RemFx / README.md
mattricesound's picture
Update to latest classifier inference
568c3f1
|
raw
history blame
8.12 kB

General Purpose Audio Effect Removal

Removing multiple audio effects from multiple sources using compositional audio effect removal and source separation and speech enhancement models.

This repo contains the code for the paper General Purpose Audio Effect Removal. (Todo: Link broken, Add video, Add img, citation, license)

Setup

git clone https://github.com/mhrice/RemFx.git
cd RemFx
git submodule update --init --recursive
pip install -e . ./umx
pip install --no-deps hearbaseline

Due to incompatabilities with hearbaseline's dependencies (namely numpy/numba) and our other packages, we need to install hearbaseline with no dependencies.

Usage

This repo can be used for many different tasks. Here are some examples.

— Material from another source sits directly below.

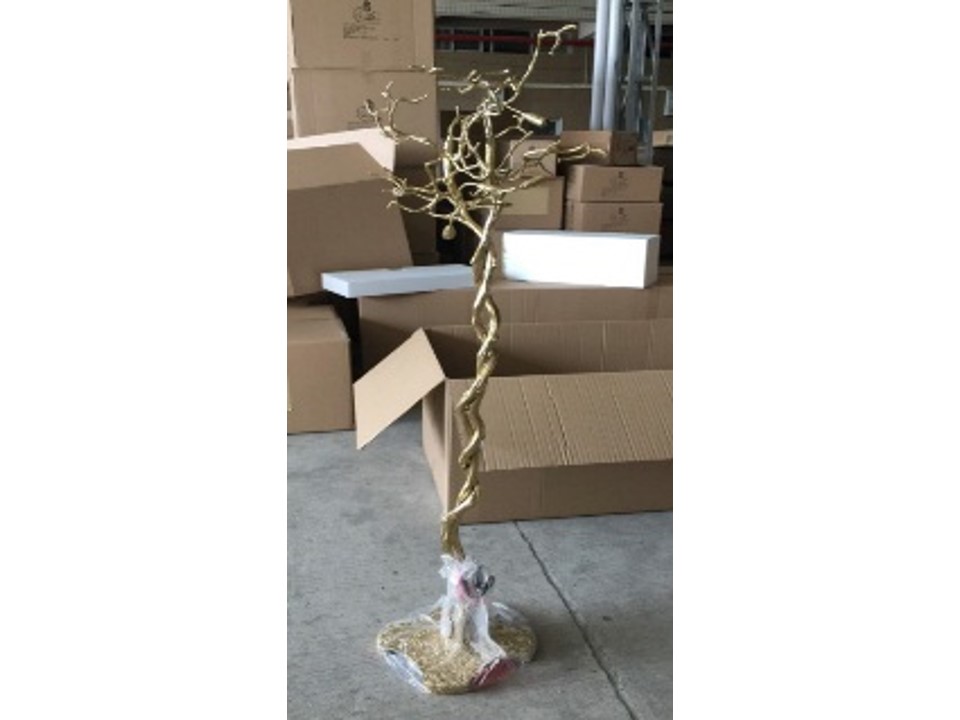 F-2482-FLOOR LAMP -GOLD AMBER CRYSTAL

Run RemFX Detect on a single file

First, need to download the checkpoints from zenodo

scripts/download_checkpoints.sh

Then run the detect script. This repo contains an example file example.wav from our test dataset which contains 2 effects (chorus and delay) applied to a guitar.

scripts/remfx_detect.sh example.wav -o dry.wav

Download the General Purpose Audio Effect Removal evaluation datasets

scripts/download_eval_datasets.sh

Download the starter datasets

python scripts/download.py vocalset guitarset dsd100 idmt-smt-drums

By default, the starter datasets are downloaded to ./data/remfx-data. To change this, pass --output_dir={path/to/datasets} to download.py

Then set the dataset root :

export DATASET_ROOT={path/to/datasets}

Training

Before training, it is important that you have downloaded the starter datasets (see above) and set $DATASET_ROOT. This project uses the pytorch-lightning framework and hydra for configuration management. All experiments are defined in cfg/exp/. To train with an existing experiment run

python scripts/train.py +exp={experiment_name}

Here are some selected experiment types from the paper, which use different datasets and configurations. See cfg/exp/ for a full list of experiments and parameters.

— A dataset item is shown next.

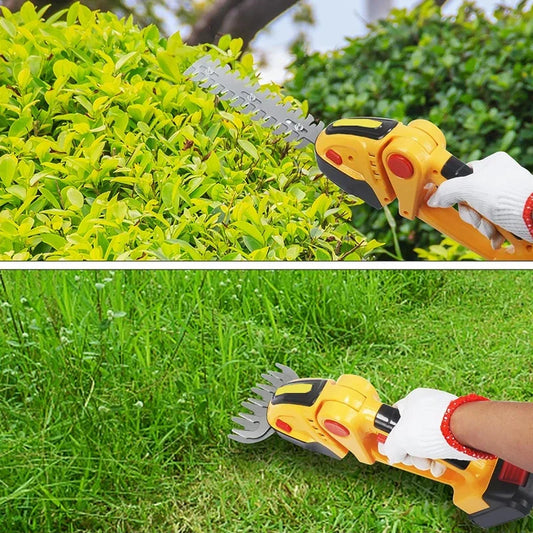 2 in 1 Cordless Electric Hedge Trimmer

Experiment Type Config Name Example
Effect-specific {effect} +exp=chorus
Effect-specific + FXAug {effect}_aug +exp=chorus_aug
Monolithic (1 FX) 5-1 +exp=5-1
Monolithic (<=5 FX) 5-5_full +exp=5-5_full
Classifier 5-5_full_cls +exp=5-5_full_cls

To change the configuration, simply edit the experiment file, or override the configuration on the command line. A description of some of these variables is in the Misc. section below. You can also create a custom experiment by creating a new experiment file in cfg/exp/ and overriding the default parameters in config.yaml.

At the end of training, the train script will automatically evaluate the test set using the best checkpoint (by validation loss). If epoch 0 is not finished, it will throw an error. To evaluate a specific checkpoint, run

python scripts/test.py +exp={experiment_name} +ckpt_path="{path/to/checkpoint}" render_files=False

The checkpoints will be saved in ./logs/ckpts/{timestamp} Metrics and hyperparams will be logged in ./lightning_logs/{timestamp}

By default, the dataset needed for the experiment is generated before training. If you have generated the dataset separately (see Generate datasets used in the paper), be sure to set render_files=False in the config or command-line, and set render_root={path/to/dataset} if it is in a custom location.

Also note that the training assumes you have a GPU. To train on CPU, set accelerator=null in the config or command-line.

Logging

Default CSV logger To use WANDB logger:

export WANDB_PROJECT={desired_wandb_project} export WANDB_ENTITY={your_wandb_username}

Panns pretrianed

wget https://zenodo.org/record/6332525/files/hear2021-panns_hear.pth

Evaluate models on the General Purpose Audio Effect Removal evaluation datasets (Table 4 from the paper)

First download the General Purpose Audio Effect Removal evaluation datasets (see above). To use the pretrained RemFX model, download the checkpoints

scripts/download_checkpoints.sh

Then run the evaluation script, select the RemFX configuration, between remfx_oracle, remfx_detect, and remfx_all. Then select N, the number of effects to remove.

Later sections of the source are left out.